(WHAT THE EXERCISE ASKS)
Where an image occurs, skip it and print the rest of the records verbatim.
*** Opening of DATA SUPPLIED ***
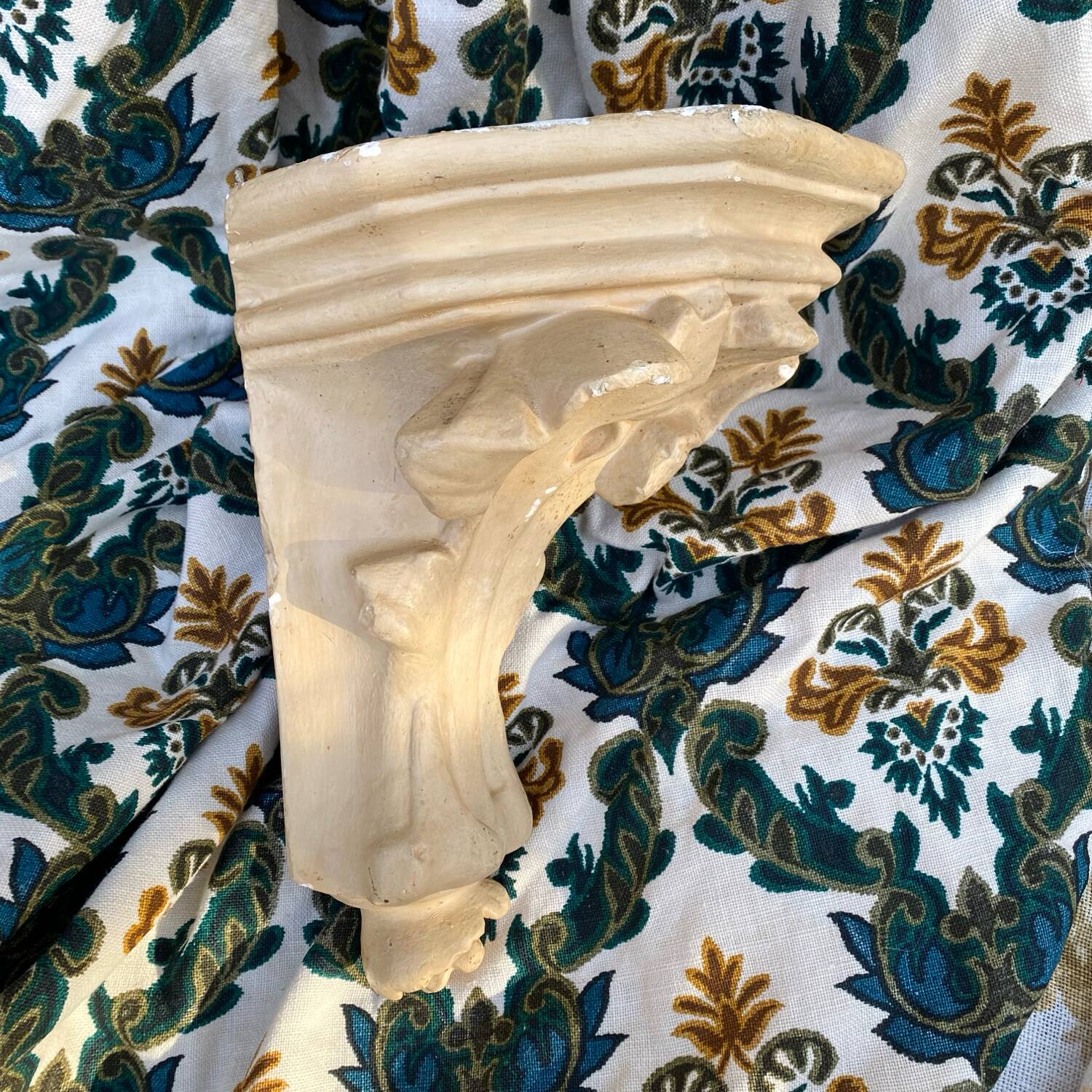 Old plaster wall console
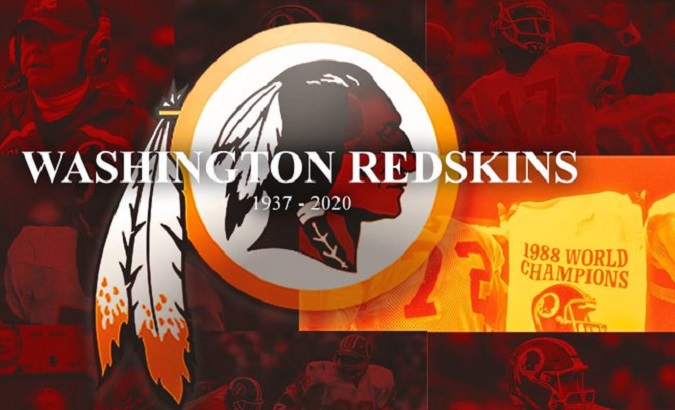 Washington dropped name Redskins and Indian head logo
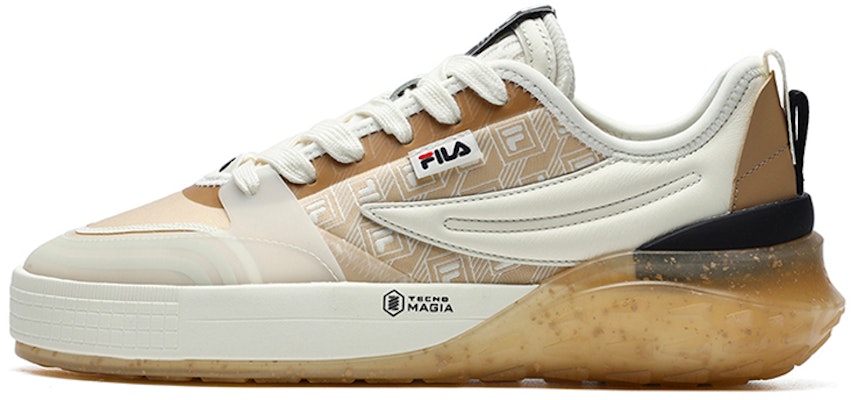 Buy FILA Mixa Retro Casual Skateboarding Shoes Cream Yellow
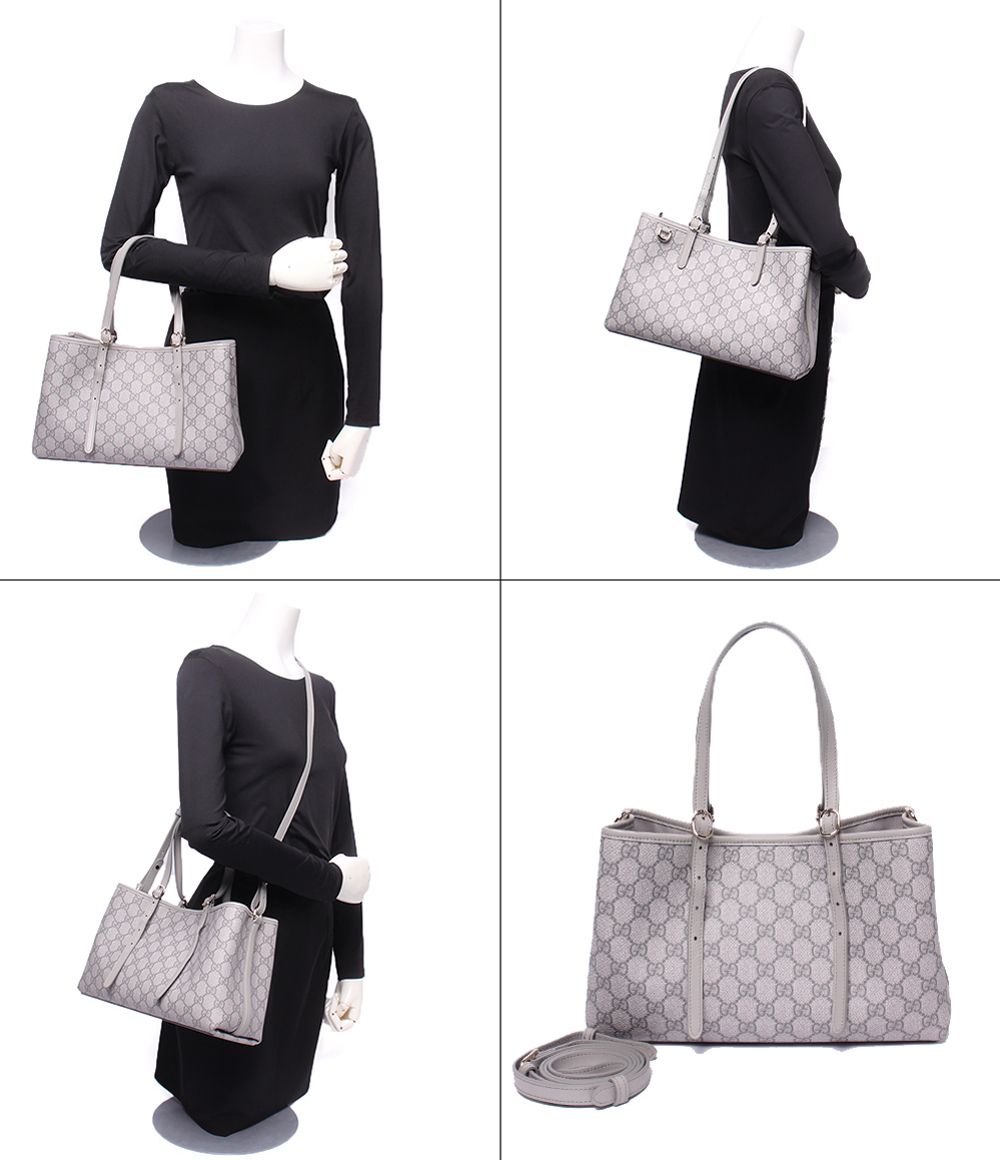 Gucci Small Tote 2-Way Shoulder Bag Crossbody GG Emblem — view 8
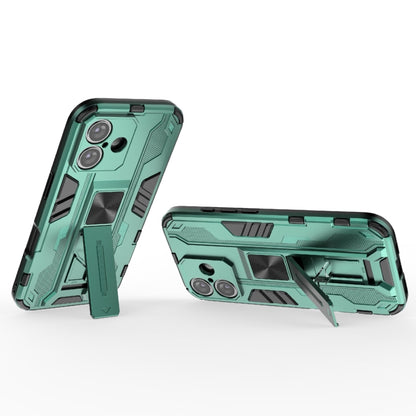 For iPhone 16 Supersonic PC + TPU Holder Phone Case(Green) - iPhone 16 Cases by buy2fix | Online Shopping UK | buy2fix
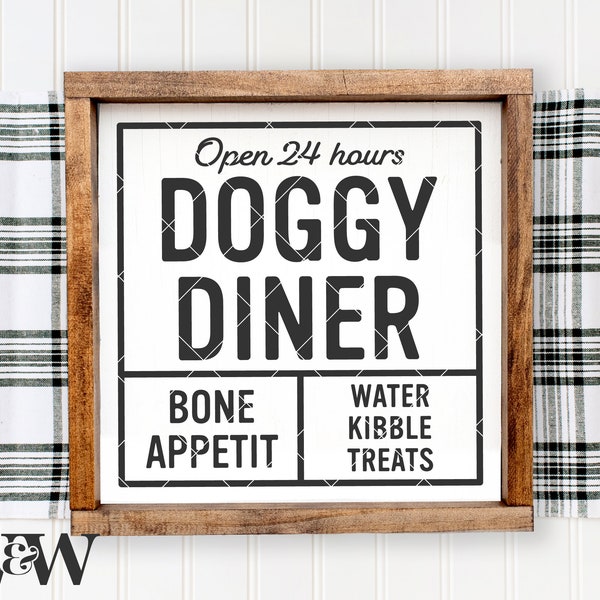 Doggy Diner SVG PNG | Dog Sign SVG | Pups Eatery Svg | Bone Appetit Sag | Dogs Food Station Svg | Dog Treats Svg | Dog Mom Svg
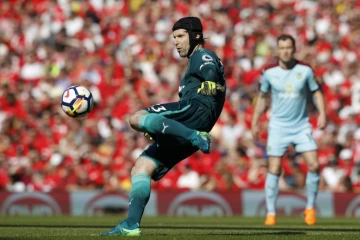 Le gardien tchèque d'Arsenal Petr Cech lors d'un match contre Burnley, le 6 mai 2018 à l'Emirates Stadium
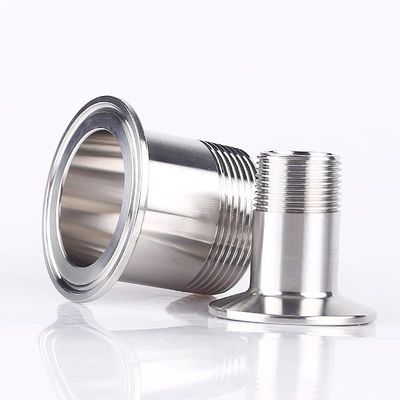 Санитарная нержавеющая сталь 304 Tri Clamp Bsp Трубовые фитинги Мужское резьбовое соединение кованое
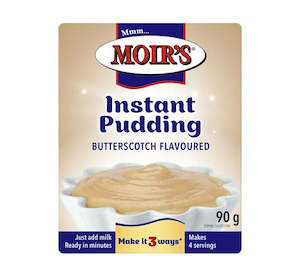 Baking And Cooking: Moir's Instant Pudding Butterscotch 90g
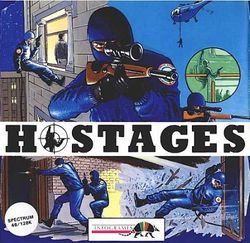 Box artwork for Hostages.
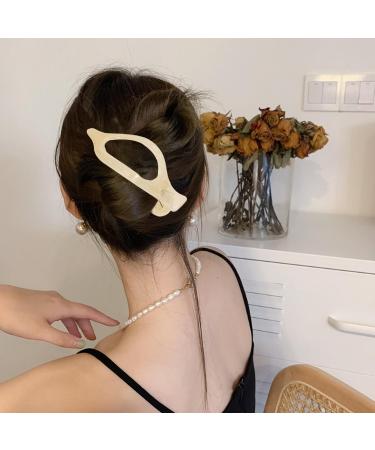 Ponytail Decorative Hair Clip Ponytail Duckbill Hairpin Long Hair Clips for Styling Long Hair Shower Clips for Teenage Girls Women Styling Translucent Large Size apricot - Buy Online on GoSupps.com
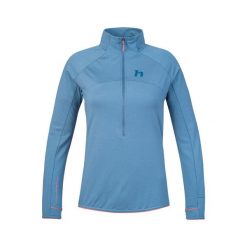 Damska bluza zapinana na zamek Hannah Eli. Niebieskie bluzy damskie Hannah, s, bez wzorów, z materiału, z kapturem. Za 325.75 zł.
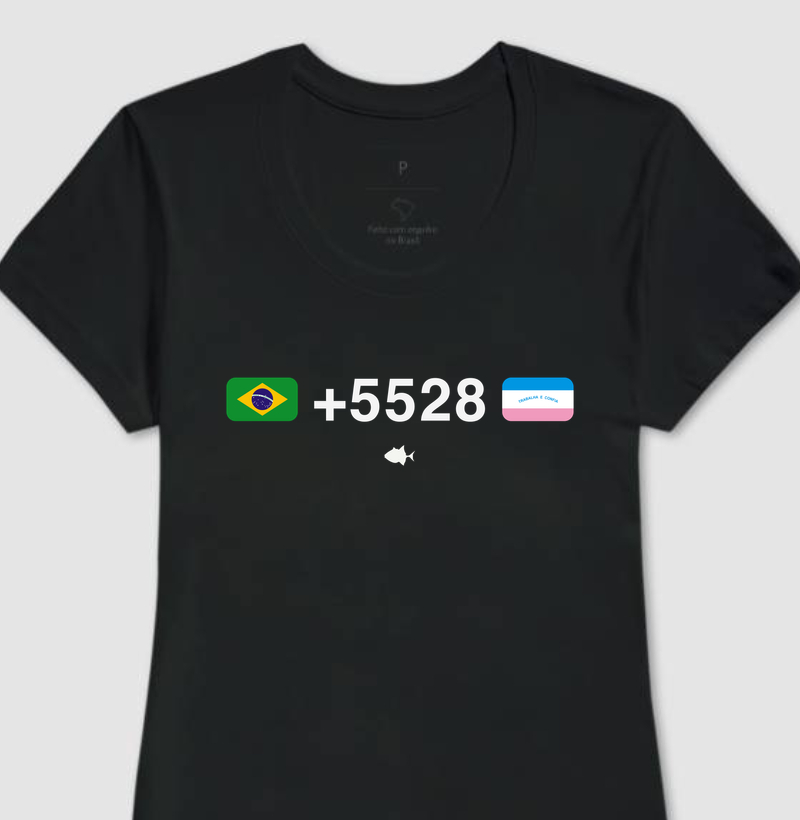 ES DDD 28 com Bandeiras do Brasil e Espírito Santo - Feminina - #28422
*** Close of DATA SUPPLIED ***
(REPLY)
 Old plaster wall console
 Washington dropped name Redskins and Indian head logo
 Buy FILA Mixa Retro Casual Skateboarding Shoes Cream Yellow
 Gucci Small Tote 2-Way Shoulder Bag Crossbody GG Emblem — view 8
 For iPhone 16 Supersonic PC + TPU Holder Phone Case(Green) - iPhone 16 Cases by buy2fix | Online Shopping UK | buy2fix
 Doggy Diner SVG PNG | Dog Sign SVG | Pups Eatery Svg | Bone Appetit Sag | Dogs Food Station Svg | Dog Treats Svg | Dog Mom Svg
 Le gardien tchèque d'Arsenal Petr Cech lors d'un match contre Burnley, le 6 mai 2018 à l'Emirates Stadium
 Санитарная нержавеющая сталь 304 Tri Clamp Bsp Трубовые фитинги Мужское резьбовое соединение кованое
 Baking And Cooking: Moir's Instant Pudding Butterscotch 90g
 Box artwork for Hostages.
 Ponytail Decorative Hair Clip Ponytail Duckbill Hairpin Long Hair Clips for Styling Long Hair Shower Clips for Teenage Girls Women Styling Translucent Large Size apricot - Buy Online on GoSupps.com
 Damska bluza zapinana na zamek Hannah Eli. Niebieskie bluzy damskie Hannah, s, bez wzorów, z materiału, z kapturem. Za 325.75 zł.
 ES DDD 28 com Bandeiras do Brasil e Espírito Santo - Feminina - #28422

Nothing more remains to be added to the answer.